My Government, Mrs Persad-Bissessar’s Government, never petted any drug lord in URP,” he said. Warner also hit against Opposition Leader, Dr Keith Rowley’s statement that he, Warner, wanted to be Prime Minister and those who opposed his appointment as National Security Minister. “I have never had any aspirations to be Prime Minister of this country. I never had, and I never will have. That is not my intention,” he said. “I have an aspiration to achieve, as a Minister of National Security, because that is the portfolio that the Prime Minister, in her wisdom, has given me. And anybody who don’t like that, knows what they have to do.”

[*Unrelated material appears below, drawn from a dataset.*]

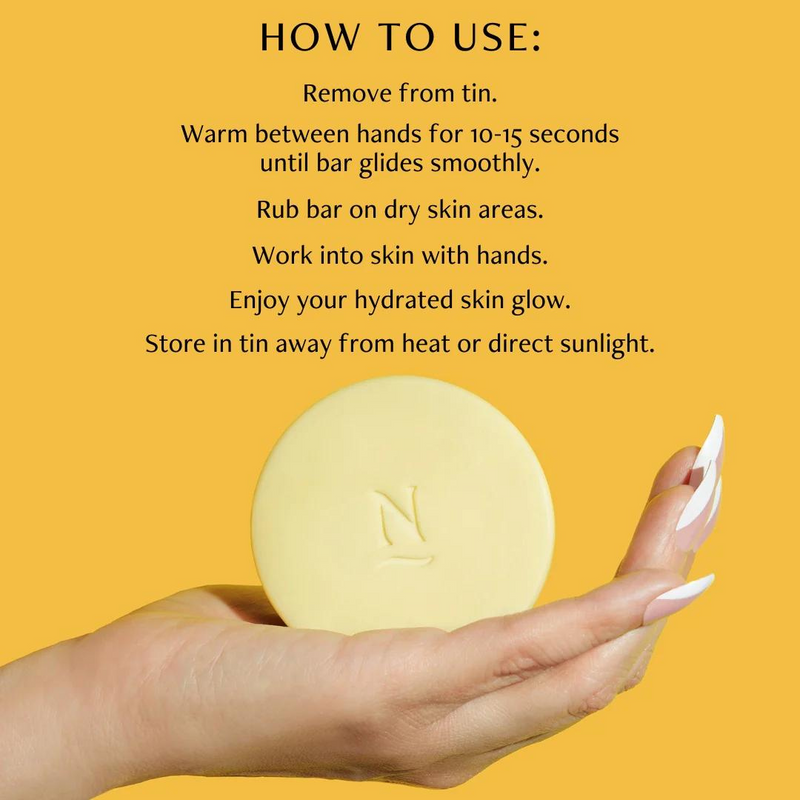 Nopalera Botanical Lotion Bar on a hand with instructions on how to use.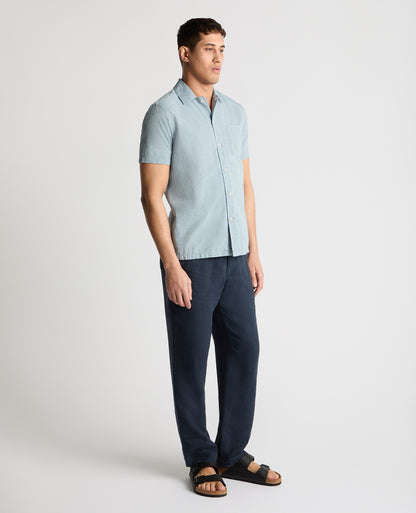 Man wearing a blue casual shirt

Warner said those “friends” who pay the bills of, and buy plane tickets for those against his appointment were drug lords, or drug runners. “All those who protest against Jack Warner as Minister of National Security want us to fail because if we fail, it gives them and their friends a chance to succeed,” he said. In addition, Warner described Rowley’s statement that PM Kamla Persad-Bissessar had aspirations for the Presidency as “foolish and baseless.”
He noted that the power in the country was in the hands of the PM therefore it made no sense to give up that power voluntarily. He said the PM has never indicated that the workload was too much for her, but the only person who could judge that, was the PM herself.
“Something has to be wrong with the guy. He has run out of issues to talk about,” said Warner. “It might be too much for Mr Rowley. That is why he would never be PM in our collective lifetimes. But not for Mrs Persad-Bissessar.”